I certainly wouldn't compare this to anything golden age but it is big all right.

Of course stated in my initial comments I'm hesitant to tell this board anything about it sounding big and Biblical and like scores of yore, but tracks like "Make Thee an Ark" and "Every Creeping Thing That Creeps" inspire a sort of majesty that is sacrosanct for these types of epics. I'd also add that the memorable themes appear to be something which you must listen for. I don't pretend to know why so many of you subscribe to "themes, themes, and MORE THEMES" but I get so frustrated wondering in what environments must you be listening to this music and not hearing the thematic material.

 
 
 Posted:   Mar 27, 2014 - 5:00 PM   
 By:   Spymaster   (Member)

I don't pretend to know why so many of you subscribe to "themes, themes, and MORE THEMES" but I get so frustrated wondering in what environments must you be listening to this music and not hearing the thematic material.
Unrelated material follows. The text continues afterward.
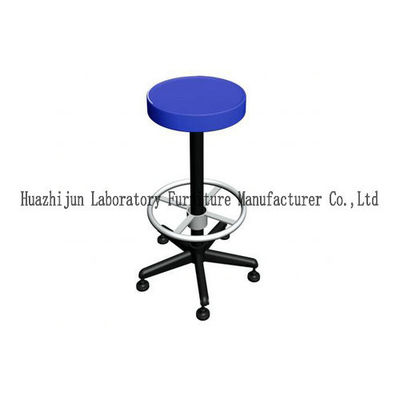 Good price Multipurpose Rolling Lab Stool Chair Rustproof For Cleanroom online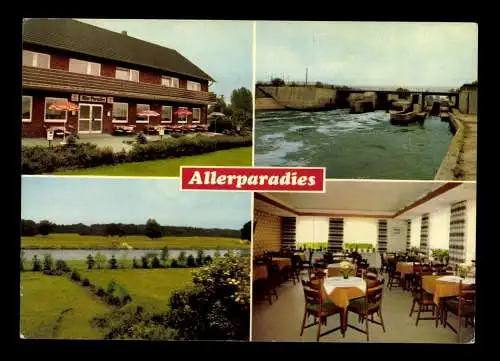 Langlingen/Krs. Celle, "Allerparadies" - 414580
Perhaps folks are so pre-occupied with playlists and "agile" listening that they're missing the good stuff. Looking forward to this!

 
 Posted:   Mar 27, 2014 - 6:26 PM   
 By:   Sirusjr   (Member)

I don't pretend to know why so many of you subscribe to "themes, themes, and MORE THEMES" but I get so frustrated wondering in what environments must you be listening to this music and not hearing the thematic material.

Oh I heard a theme at the beginning, which was strange in the instrument he decided to use to present it. After that, it all blended together. If he wrote themes for this he did a horrible job presenting them. Maybe I'll notice some themes in the film this weekend but I certainly won't be listening to this music again. It didn't grab me in the slightest.

Also perhaps your standard for themes is really low. To me a theme must be fairly lengthy, at least a few bars, or otherwise it is just a short motif. And I didn't hear many motifs in this score either.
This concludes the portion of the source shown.